Clones sans cerveau : une entreprise californienne ose la folie biologique

Une entreprise, R3 Bio, basée dans le centre de la Californie, explore une piste audacieuse et inquiétante : la création de corps humains clonés, dépourvus de cerveau. L’entreprise, financée par des investisseurs de premier plan, ambitionne de produire des répliques biologiques prêtes à accueillir un cerveau complet, ouvrant la voie à la transplantation et à une forme de « remplacement corporel total ».

Une façade trompeuse : organes de primates au lieu de clones

Officiellement, R3 Bio se concentre sur la production de « sacs d’organes » à partir de primates non-sentients, une alternative aux modèles animaux utilisés en recherche pharmaceutique. Pourtant, une enquête de MIT Technology Review a révélé une lettre interne de 2023 dévoilant une feuille de route bien plus radicale : l’utilisation de ces clones comme réserves biologiques d’organes.

John Schloendorn, le fondateur de R3 Bio, a ouvertement évoqué cette idée lors de réunions privées avec des fonds d’investissement et sur des forums spécialisés dans le domaine de la longévité. Il a baptisé ces entités « clones sans cerveau », un terme qui, pour le moins, suscite la perplexité. Initialement, la société prétendait simplement travailler sur des solutions pour le greffage d’organes, mais la réalité est bien plus complexe.

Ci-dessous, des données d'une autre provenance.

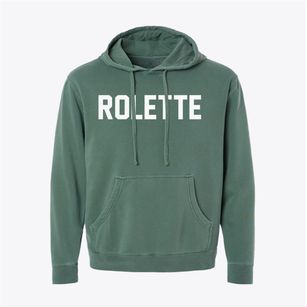 Rolette North Dakota Classic Block Pigment-Dyed Hoodie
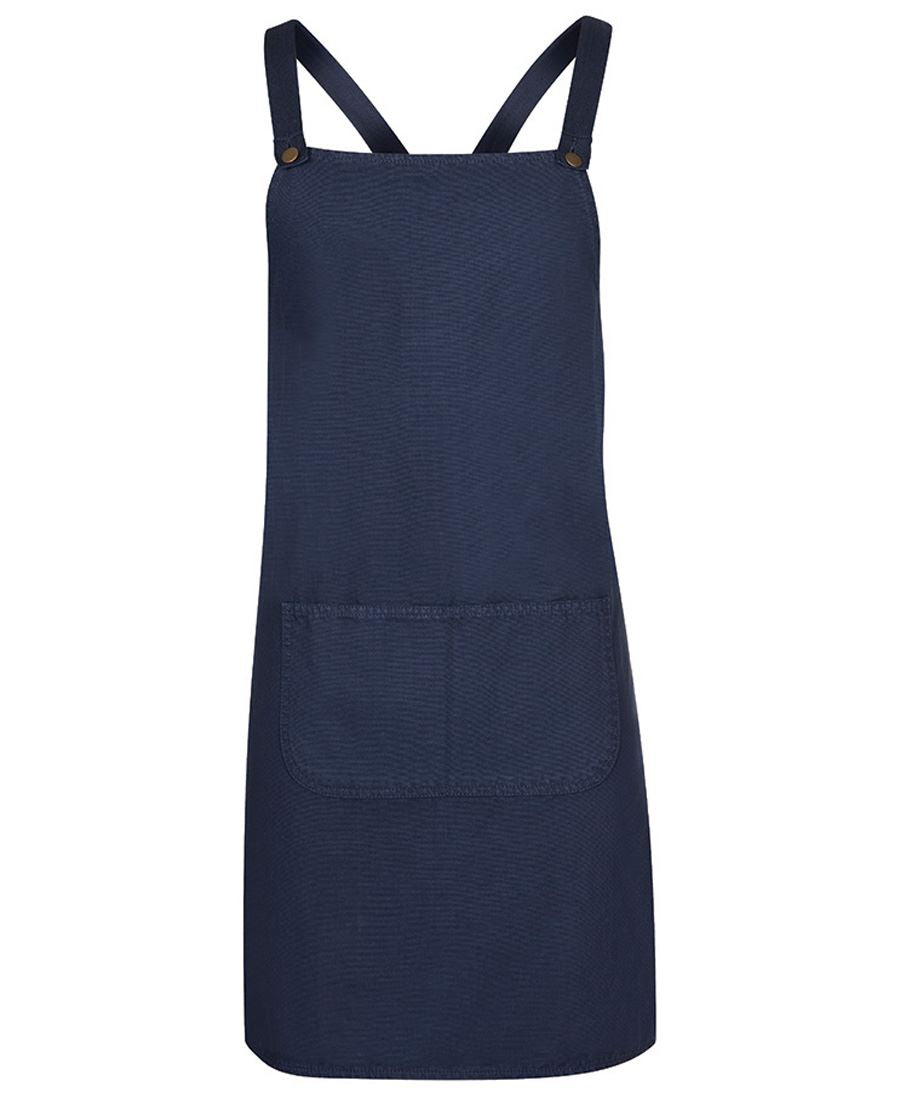 JB's Cross Back Canvas Apron (without Straps) - 5ACBC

Des investissements massifs, des motivations obscures

Des investissements massifs, des motivations obscures

Le financement de R3 Bio est assuré par des acteurs majeurs de l'industrie de la longévité. Tim Draper, l'investisseur connu pour avoir parié sur des entreprises avant-gardistes, est l’un d’eux. Les fonds Immortal Dragons, basé à Singapour, et LongGame Ventures, spécialisé dans les technologies d’extension de la vie, complètent le tableau. Lors d'un événement à Boston, Schloendorn a présenté publiquement son projet, évoquant la recherche animale et la possibilité d'utiliser ces clones comme « entrepôts biologiques ».

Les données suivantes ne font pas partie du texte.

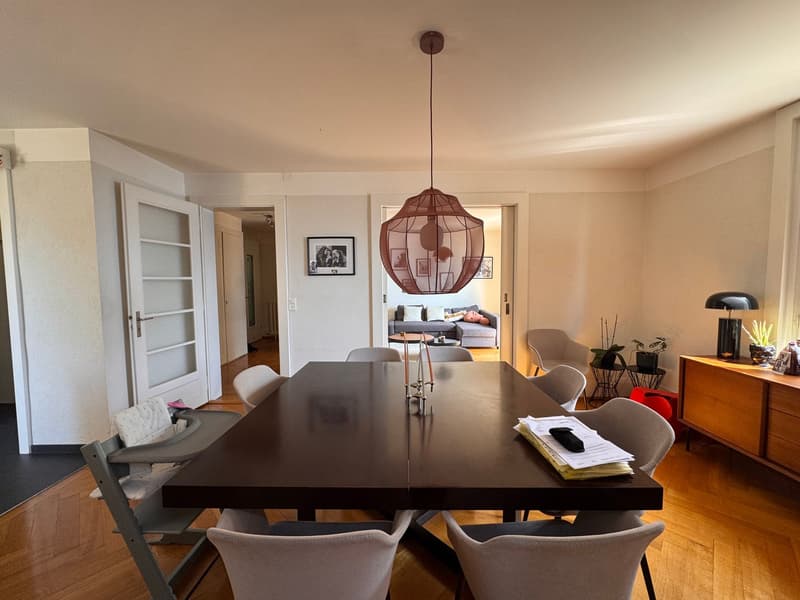 Charmant appartement de 4 pièces avec belle vue sur le lac (7)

La réponse de l’équipe de R3 Bio à la question du contenu de cette présentation a été prudente : ils se réservent le droit de discuter de scénarios futurs. Ce qui ressort des données disponibles est que la société n’a pour l’instant cloné que de petits rongeurs. Aucune preuve n’existe de la production de « sacs d’organes » fonctionnels, et la majorité de la communauté scientifique considère que les ambitions de Schloendorn dépassent les limites de la science actuelle. La distance entre la clonage d’un rat et celui d’un primate est considérable, et les questions éthiques et juridiques soulevées par ce projet sont considérables. La plupart des cadres réglementaires semblent incompatibles avec une telle entreprise.

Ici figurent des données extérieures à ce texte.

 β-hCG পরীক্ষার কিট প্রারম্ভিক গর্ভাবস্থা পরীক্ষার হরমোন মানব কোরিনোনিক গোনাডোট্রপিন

Une industrie de la longévité aux frontières floues

Une industrie de la longévité aux frontières floues

Le fait que des millions d'euros soient investis dans une telle idée reflète la tension actuelle dans l’industrie de la longévité, où les frontières entre la recherche sérieuse et la science-fiction se sont brouillées. Il est clair que les ambitions de R3 Bio, bien que controversées, illustrent une tendance à explorer des pistes toujours plus radicales dans la quête de l'immortalité – ou du moins, d'une vie plus longue et plus saine. Et cela, c'est une révolution à suivre de près.